Comme le souligne plusieurs fois l’auteur, l’historiographie, à partir du xviiie siècle, a confondu « bonnes gens » et « simples gens » : les citoyens honorables au cœur du pacte social sont devenus des gens stupides, un peu idiots, presque bovins. Cette vision est chargée d’une condescendance savante, ce que Thierry Dutour appelle joliment le « mépris des doctes »    : encore aujourd’hui, les historiens se méfient volontiers des discours qui invoquent la confiance, le bien de tous, le dévouement à la communauté. On y voit le plus souvent une forme de manipulation plus ou moins cynique des émotions, un pur jeu sur les mots pour légitimer des dominations. Mais, comme le dit bien Thierry Dutour, l’historien n’a accès qu’à des textes, à un discours sur le discours. Les textes qui ne cessent de parler de confiance, d’estime, de valeur morale, renvoient bien à une conception partagée du monde.
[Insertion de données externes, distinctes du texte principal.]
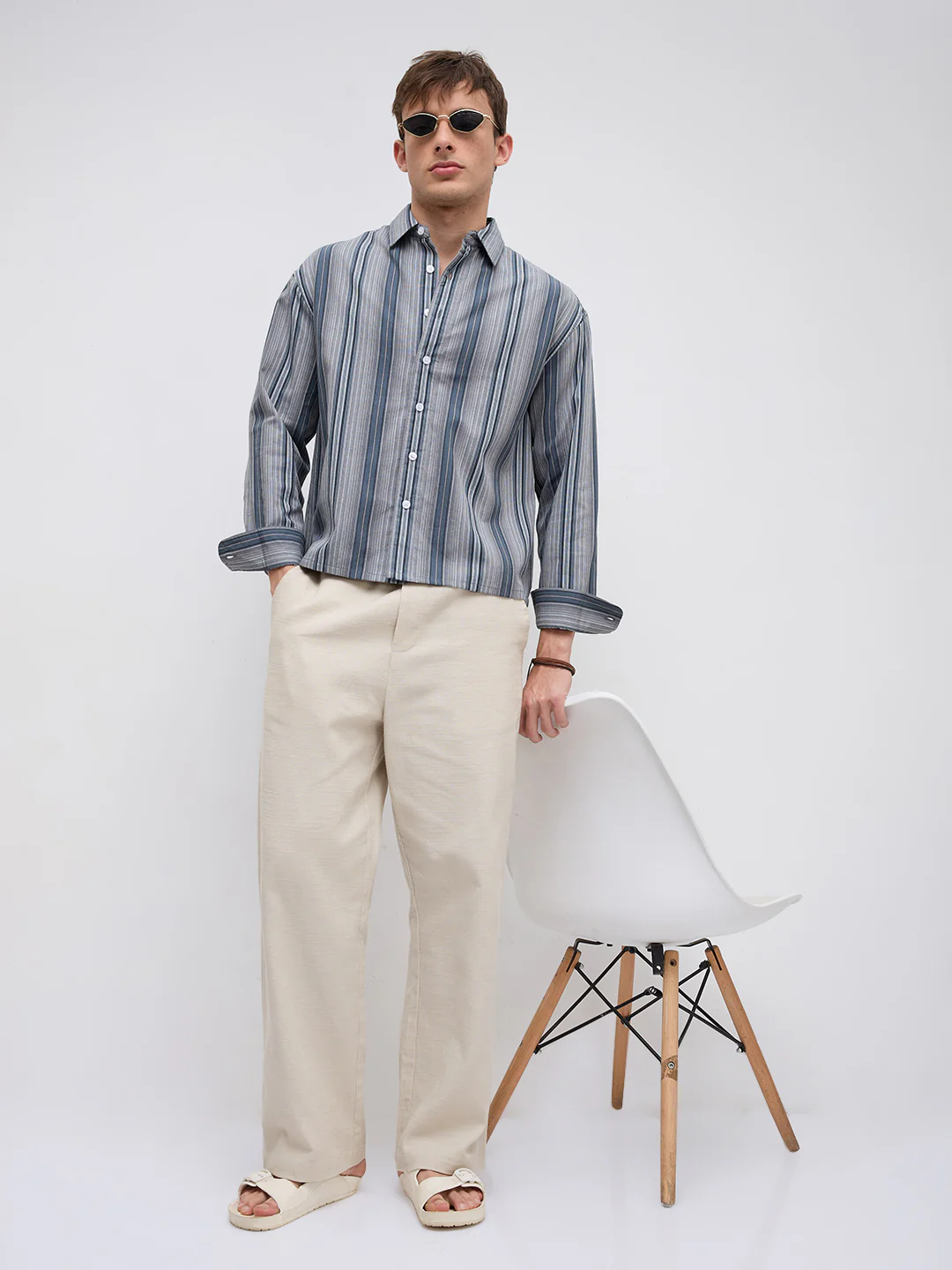 Slate Blue Multi Striped Boxy Fit Crop Shirt - Image 8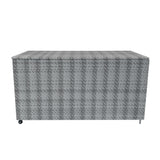 Grau geflochtene Rattan-Aufbewahrungsbox mit 700L Volumen, rechteckig, stabil, ideal für Gartenmöbel und Außenbereich, mit Rollen für einfache Mobilität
C’est l’immense mérite du livre que de se recentrer sur le sens commun, la « pensée du quotidien, de l’ordinaire, de l’action pratique »   , autrement dit sur la pensée de ces « gens qui ne font pas profession de penser »   , au lieu de privilégier des auteurs originaux. Magnifique perspective pour l’avenir de l’histoire : au lieu de toujours se pencher sur l’exceptionnel et l’unique, s’intéresser au normal, au banal.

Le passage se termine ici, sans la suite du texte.